Au premier abord, et à ne juger que par les œuvres, l’art et le travail paraissent tenir peu de place chez La Fontaine, et, si l’attention de la critique n’avait été éveillée sur ce point par quelques mots de ses préfaces et par quelques témoignages contemporains, on n’eût jamais songé probablement à en faire l’objet d’une question. Mais le poète confesse, en tête de Psyché, que la prose lui coûte autant que les vers. Dans une de ses dernières fables au duc de Bourgogne, il se plaint de fabriquer, à force de temps, des vers moins sensés que la prose du jeune prince. Ses manuscrits présentent beaucoup de ratures et de changements ; les mêmes morceaux y sont recopiés plusieurs fois, et souvent avec des corrections heureuses. Par exemple, on a retrouvé, tout entière de sa main, une première ébauche de la fable intitulée le Renard, les Mouches et le Hérisson, et en la comparant à celle qu’il a fait imprimer, on voit que les deux versions n’ont de commun que deux vers. Il est même plaisant de voir quel soin religieux il apporte aux errata :

« Il s’est glissé, dit-il en tête de son second recueil, quelques fautes dans l’impression. J’en ai fait faire un errata ; « mais ce sont de légers remèdes pour un défaut considérable. Si on veut avoir quelque plaisir de la lecture de cet ouvrage, il faut que chacun fasse corriger ces fautes à la main dans son exemplaire, ainsi qu’elles sont marquées par chaque errata, aussi bien pour les deux premières parties que pour les dernières. » Que conclure de toutes ces preuves ? Que La Fontaine était de l’école de Boileau et de Racine en poésie ; qu’il suivait les mêmes procédés de com­position studieuse, et qu’il faisait difficilement ses vers fa­ciles ? pas le moins du monde : La Fontaine me l’affirme­rait en face, que je le renverrais à Baruch, et que je ne le croirais pas. Mais il avait, comme tout poète, ses secrets, ses finesses, sa correction relative ; il s’en souciait peu ou point dans ses lettres en vers ; peu encore, mais davantage,

Dans ses contes ; il y visait tout à fait dans ses fables. Sa paresse lui grossissait la peine, et il aimait à s’en plaindre par manie. La Fontaine lisait beaucoup, non-seulement les modernes Italiens et Gaulois, mais les anciens, dans les textes ou en traduction ; il s’en glorifie à tout propos :

Térence est dans mes mains, je m’instruis dans Horace ;
Homère et son rival sont mes dieux du Parnasse ;
Je le dis aux rochers, etc..
Je chéris l’Arioste et j’estime le Tasse ;
Plein de Machiavel, entête de Boccace,
J’en parle si souvent qu’on en est étourdi ;
J’en lis qui sont du Nord et qui sont du Midi.

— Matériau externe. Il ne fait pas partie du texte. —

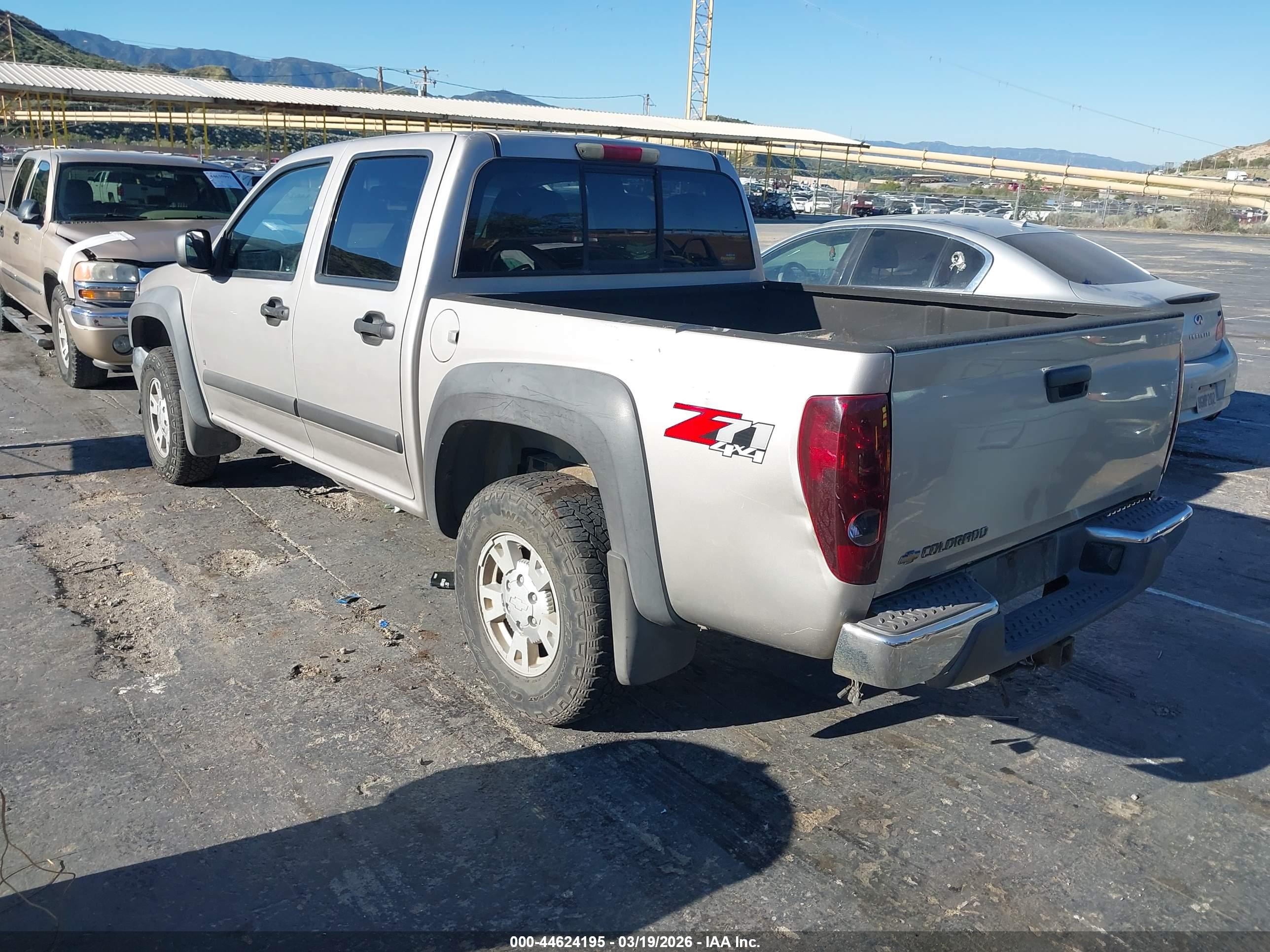 CHEVROLET COLORADO image 3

Fera-t-on de lui un savant ? son érudition a pour cela de trop singulières méprises, et se permet des confusions trop charmantes. Il a écrit dans sa Vie d’Ésope : « Comme Planude vivait dans un siècle où la mémoire des choses arrivées à Ésope ne devait pas être encore éteinte, j’ai cru qu’il savait par tradition ce qu’il a laissé. » En écrivant ceci, il oubliait que dix-neuf siècles s’étaient écoulés entre le Phrygien et celui qu’on lui donne pour biographe, et que le moine grec ne vivait guère plus de deux siècles avant le règne de Louis le Grand. Dans une Épître à Huet, en faveur des anciens contre les modernes, et à l’honneur de Quintilien en particulier, il en revient à Platon, son thème favori, et déclare qu’on ne pourrait trouver entre les sa­ges modernes un seul approchant de ce grand philosophe, tandis que

La Grèce en fourmillait dans son moindre canton.

Il attribue la décadence de l’ode en France à une cause qu’on n’imaginerait jamais ;

…….l’ode qui baisse un peu
Veut de la patience, et nos gens ont du feu.

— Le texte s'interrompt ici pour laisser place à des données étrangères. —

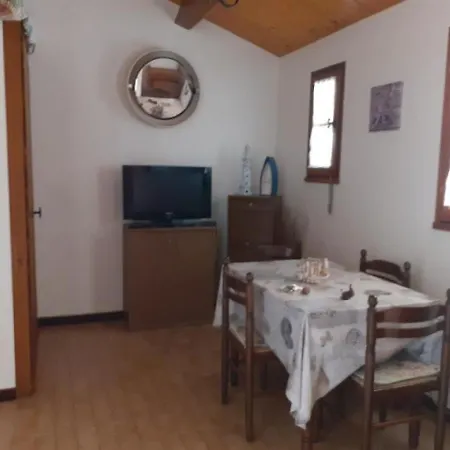 Maison La Gueriniere, 3 Pieces, 4 Personnes - Fr-1-537-65 La Guérinière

D’ailleurs, en cette remarquable Épître, il proteste contre l’imitation servile des anciens, et cherche à exposer de quelle nature est la sienne. Nous conseillons aux curieux de comparer ce passage avec la fin de la deuxième Épître d’André Chénier : l’idée, au fond, est la même ; maison verra, en comparant l’une et l’autre expression, toute la différence profonde qui sépare un poète artiste comme Ché­nier d’avec un poète d’instinct comme La Fontaine.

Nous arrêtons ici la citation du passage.